Meine Hochachtung, Maren.
Schon der Titel versprach mir eine gelungene Geschichte. Die Namensgebung „Jette Pawlik“, so profan sie scheint, konnte besser nicht gewählt sein. Jette passt zur Altersgruppe, Pawlik verheißt Familiensinn, in der Arbeit, Lebensbewältigung, Milieu und soziale Beweglichkeit obenan stehen.
Mir gefällt der Grundton der Geschichte, der unaufgeregte Erzählstil, auch, dass sich die Erzählperspektiven nahtlos aneinanderfügen. Erotische Themen geraten allzu leicht ins Übersteigern, aber Du bleibst bleibst diszipliniert. Fast authentisch. Selbst bei der Beschreibung eines Orgasmus.
Meine Vorliebe bei erzählten Geschichten jedoch ist, ob die Hauptperson Gestalt annimmt; also ob sie mir als Mensch aus Fleisch und Blut vorstellbar wird, in sich stimmig ist bei all den Widersprüchen, die sie haben mag. Jette ist vorstellbar.
Zwei Welten der Jette: Allzu leicht hätte dies eine Collage werden können; oder eine künstliche Person mit Widersprüchen und Facetten. Menschen sind nicht widersprüchlich. Nie. Nur unverstanden.
Nach meiner Lesart sind die beiden Gesichter Ausdruck desselben. So gebahnt Jette schon in die Betriebsführung der Mutter hinein gewachsen ist, so überlegt ist sie in der Wahl aller ihrer Beziehungen. Auch der intimen. In allen scheint das Notwendige mit dem Gewünschten zu harmonieren. Keine Berechnung, und doch Kalkulation; reif und befriedigend. Auch für andere. Eine gelungene Biografie, in der die Wahlmöglichkeiten eingeschränkt waren. Diese Jette ist eine Meisterin darin, aus Gegebenheiten etwas zu machen. Sogar ihre eigentümliche Sexualität fügt sich ein, nach außen hin als Ergänzung, nach innen folgerichtig. Jette ist ein ganz und gar unneurotischer Mensch.

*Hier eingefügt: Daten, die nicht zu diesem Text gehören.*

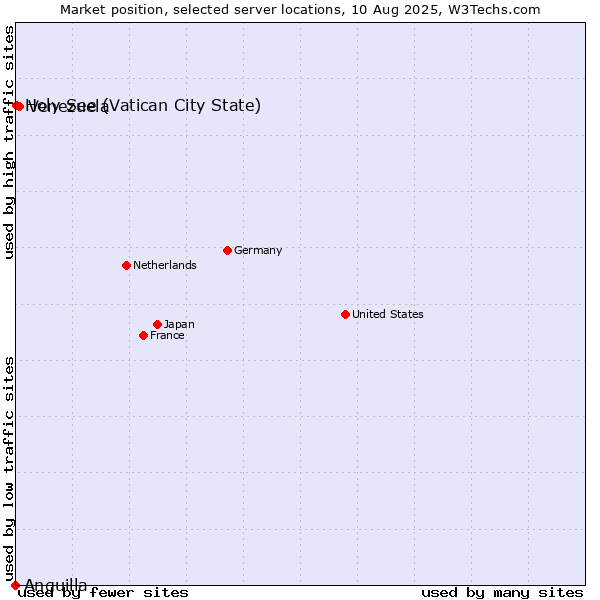 Market position of Venezuela vs. Holy See (Vatican City State) vs. Anguilla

Eine sympathische, blutvolle Protagonistin. Die Geschichte bereitete mir handwerklich und inhaltlich einen Genuss. Intimität und Diskretion halten sich so schön in der Waage.
In der Phantasie ist alles möglich, aber kaum lebendige Menschen. Schreibende Phantasie ist desto verführerischer, aber die Kunst liegt nicht in der Freiheit, sondern in der Beschränkung.
Ich wünsche mir von Dir noch mehr solcher Geschichten.